I'm looking for some help with ode45 solver.

I have the following set of ODEs:

function Y=f(~,X)

n=1.3;

dF1deta=X(2);

dF2deta=n^(-1)*((X(2)^(2)+X(4)^(2))^((n-1)/2))^(-1)*((X(1)^(2)-X(3)^(2)+(-X(5))*X(2))*(1+(n-1)*(X(2)^(2)+X(4)^2)^(-1)*X(4)^(2))-(n-1)*X(2)*X(4)*(X(2)^(2)+X(4)^(2))^(-1)*(2*X(1)*X(3)+(-X(5))*X(4)));

dG1deta=X(4);

dG2deta=n^(-1)*((X(2)^(2)+X(4)^(2))^((n-1)/2))^(-1)*((2*X(1)*X(3)+(-X(5))*X(4))*(1+(n-1)*(X(2)^(2)+X(4)^2)^(-1)*X(2)^(2))-(n-1)*X(2)*X(4)*(X(2)^(2)+X(4)^(2))^(-1)*(X(1)^(2)-X(3)^(2)+(-X(5))*X(2)));

dH1deta=(3*n+1)/(n+1)*X(1);

Y = [dF1deta; dF2deta; dG1deta; dG2deta; dH1deta];


I need to solve this as such:

etaspan = [0 20];

Xinit = [0; 0; 0; 0; -0.73591509];

options = odeset('AbsTol', 1e-10, 'RelTol', 1e-8);

[eta,X]=ode45(@f,etaspan,Xinit,options);

figure;
hold all;
plot(eta,X(:,1));
plot(eta,X(:,3));
plot(eta,-X(:,5));
hold off;
xlabel('\eta')
hleg = legend('F','G','-H','Location','NorthWest');


In this case ode45 fails to produce a solution.
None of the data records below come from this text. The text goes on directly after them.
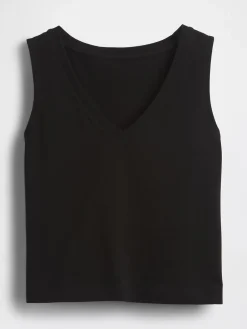 Knit Crop Tank Top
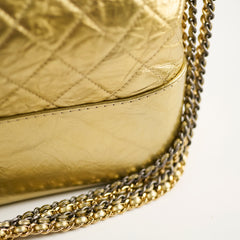 Chanel Medium Gabrielle Bag Gold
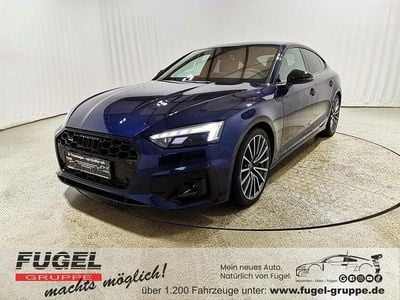 Gebraucht Audi A5 Sportback S-Line 204 PS (150 kW) 2024 Navarrablau metallic Kleinwagen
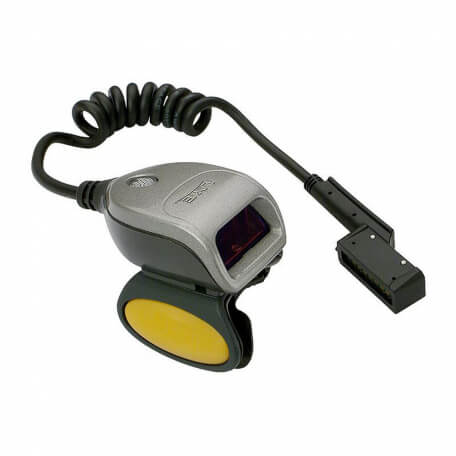 Honeywell 8600 Ring Scanner Lecteur de code barre portable 2D Laser Noir, Gris, Jaune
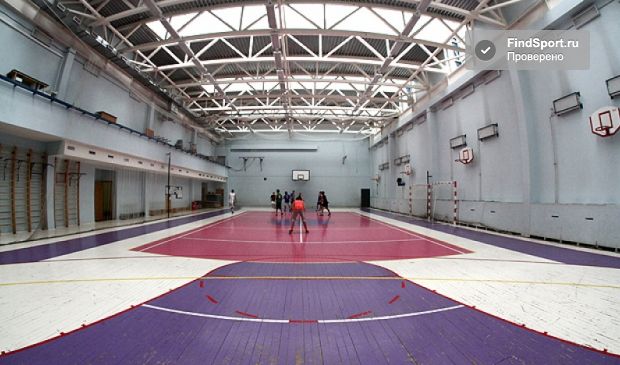 Фотография Универсальный спортзал на 1-й Мясниковской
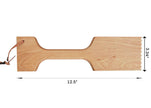 Wooden BBQ Scraper
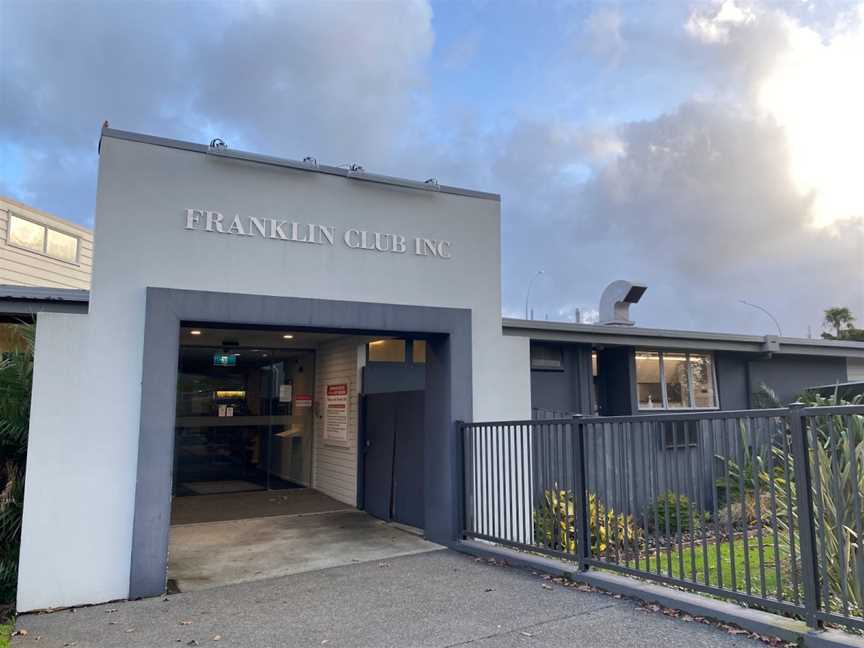 Franklin Club, Pukekohe, New Zealand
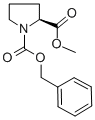 structure of CAS# 5211-23-4, N-Carbobenzyloxy-L-Proline Methyl Ester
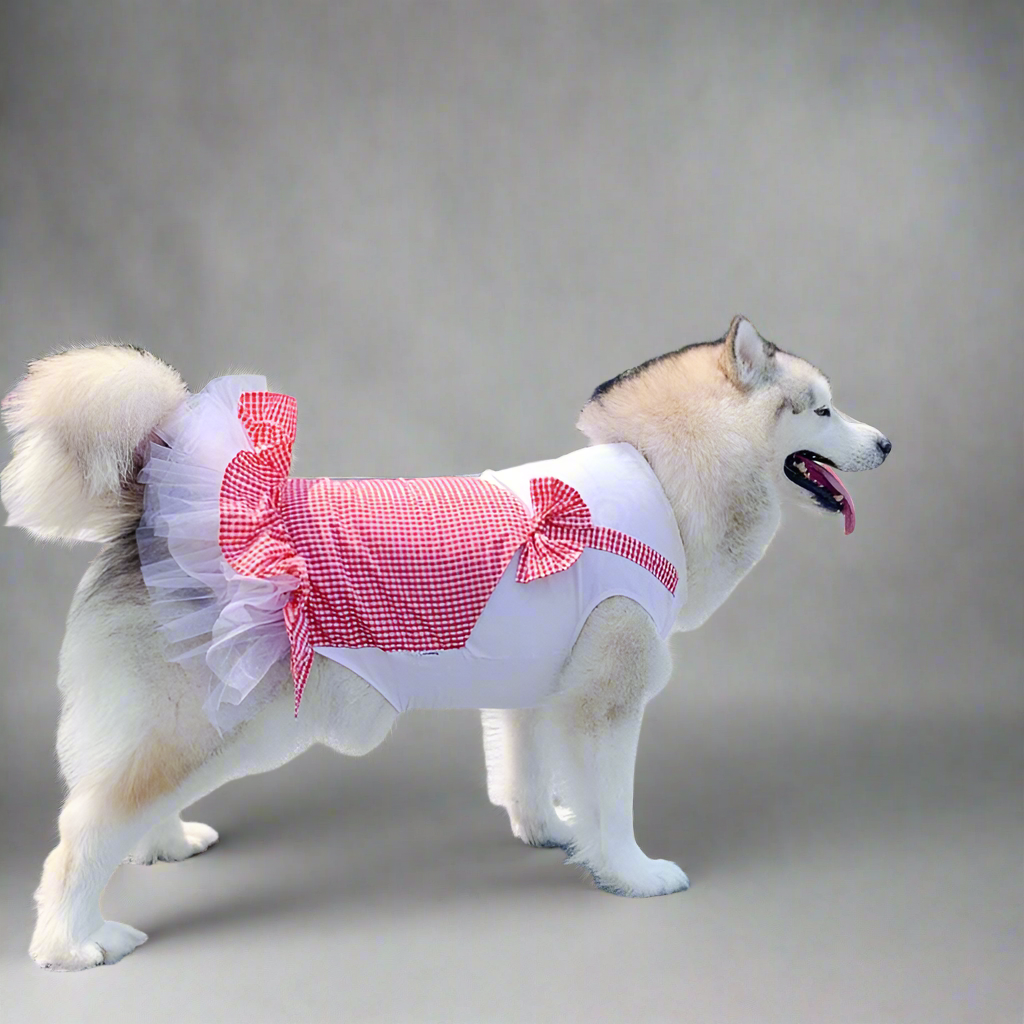 Regal Pet Princess Gown: Elegance and Royalty for Your Beloved Pet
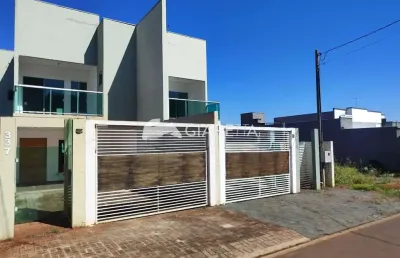 Sobrado com excelente localização para locação, jardim concórdia, toledo - pr
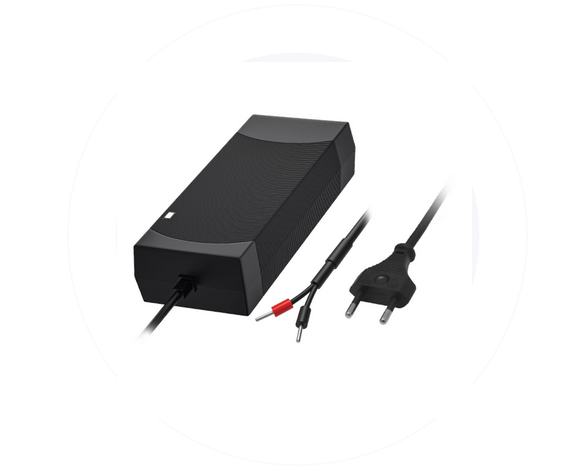 Teltonika - PR318EUA - EU power supply, 130W (AC/DC Power supply EU Plug 48V 1.3A 1500+2000mm with 2.5mm^2 wire ferrule) Teltonika Teltonika EU 2-PIN POWER SUPPLY 130W for TSW200 EU 2-PIN POWER SUPPLY 130W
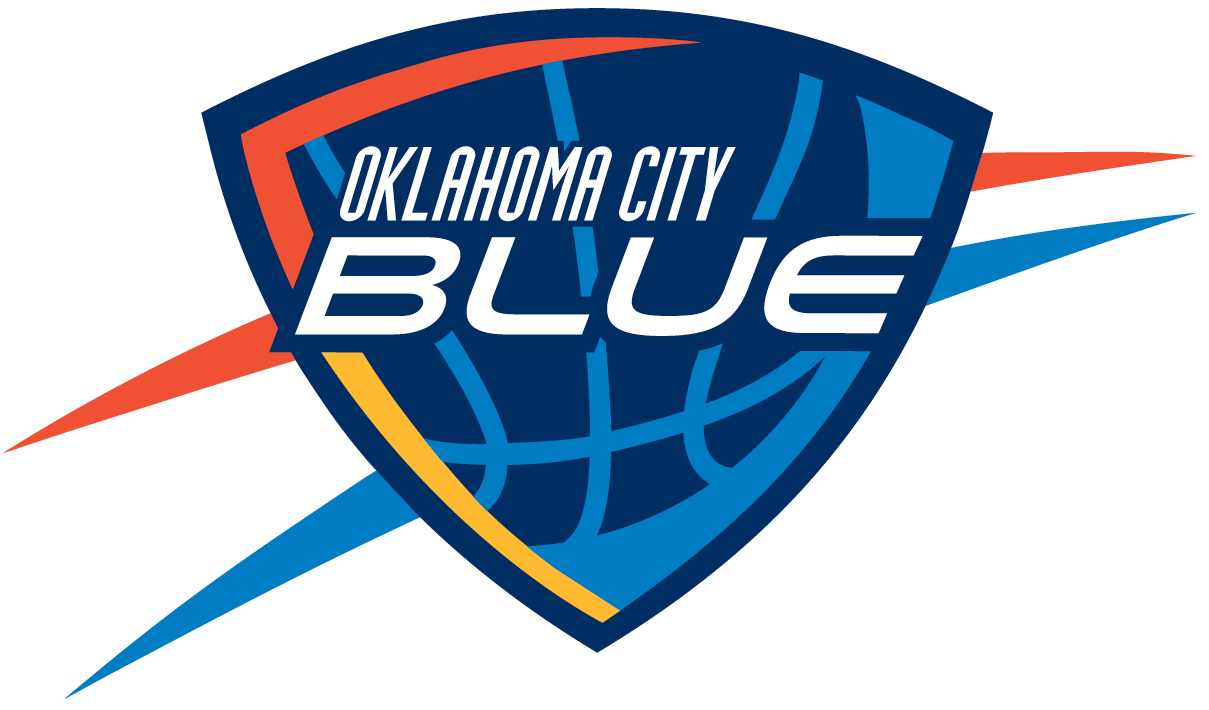 Oklahoma City Blue 2015-Pres Primary Logo iron on transfers for T-shirts
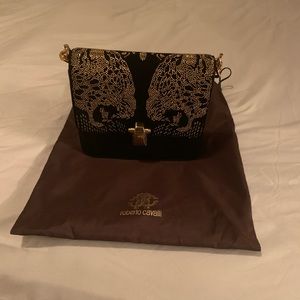 Roberto Cavalli purse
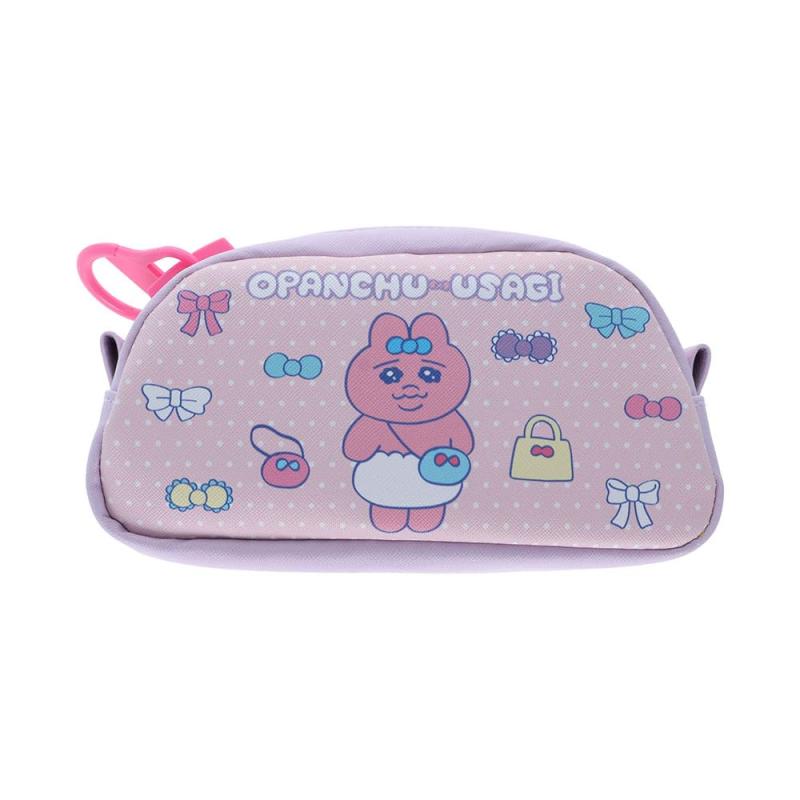 Rakuten - サンスター文具(Sun-Star Stationery) おぱんちゅうさぎ グッズ ペンケース 大容量 デッカジップ S1430785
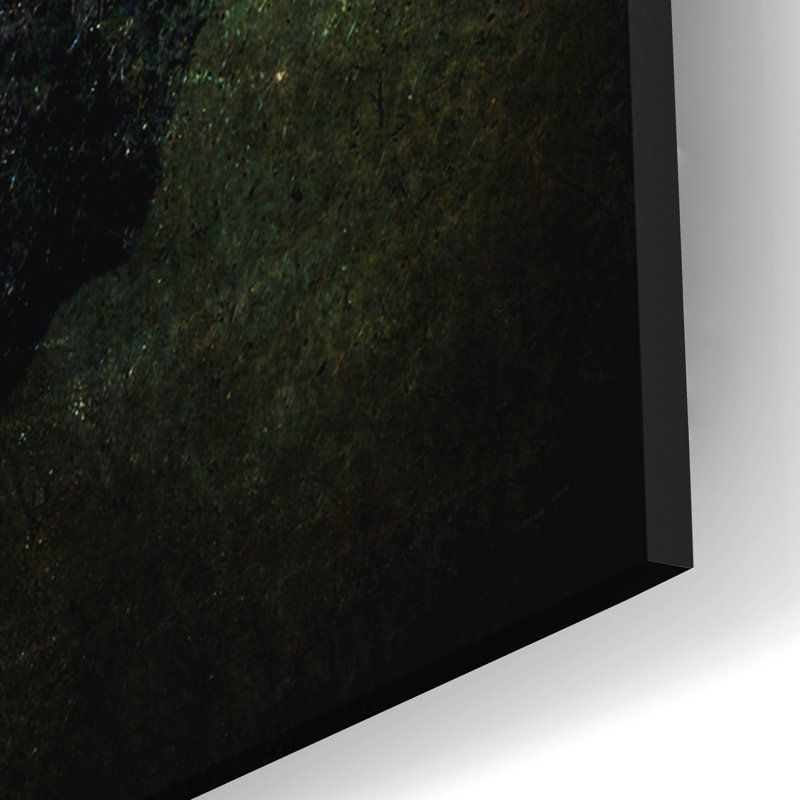 Trinx «Wind River III» par Lightbox Journal, art mural en verre acrylique, 12 po x 16 po, H 24 po x l 16 po x P 0,2 po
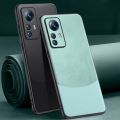New Phone Case For Redmi K50 Ultra Cover 360 Degrees Protection Leather Soft Border Anti-fingerprint Color Blocking Design For Redmi K50 Ultra Case. 
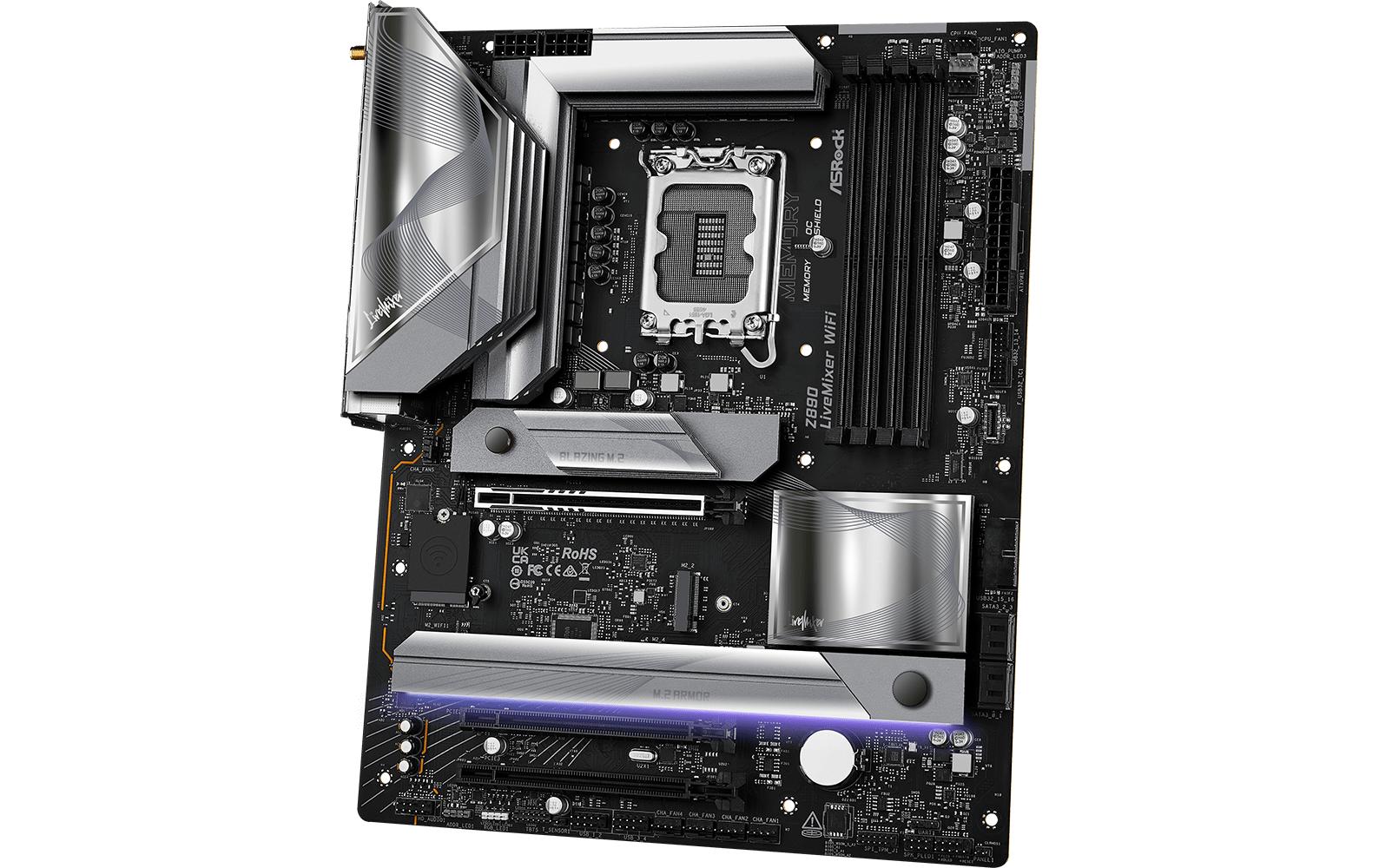 ASRock Mainboard Z890 LiveMixer WiFi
I'm guessing this is because of the four initial conditions being set to zero? Is there another solver that will be able to handle this?

Thanks.

Jan Simon

### Jan Simon (view profile)

on 21 Nov 2012

What does "ODE45 fails" explicitly mean? Do you get an error message or do the results differ from your expectations? Please explain such important details.

An absolute tolerance of 1e-10 is really very tiny. I cannot imagine any scientific field, where an ODE45 integration with such a tiny tolerance has any kind of power and meaning.

pxg882

### pxg882 (view profile)

on 21 Nov 2012

Granted the tolerance is high, maybe that should be altered. Running the script produces a blank plot, I am assuming this is due to the initial values being set to zero. It would appear that since these values are zero at the initial state they remain at zero for all eta. Looking at an example solution to this problem I know this isn't the case though.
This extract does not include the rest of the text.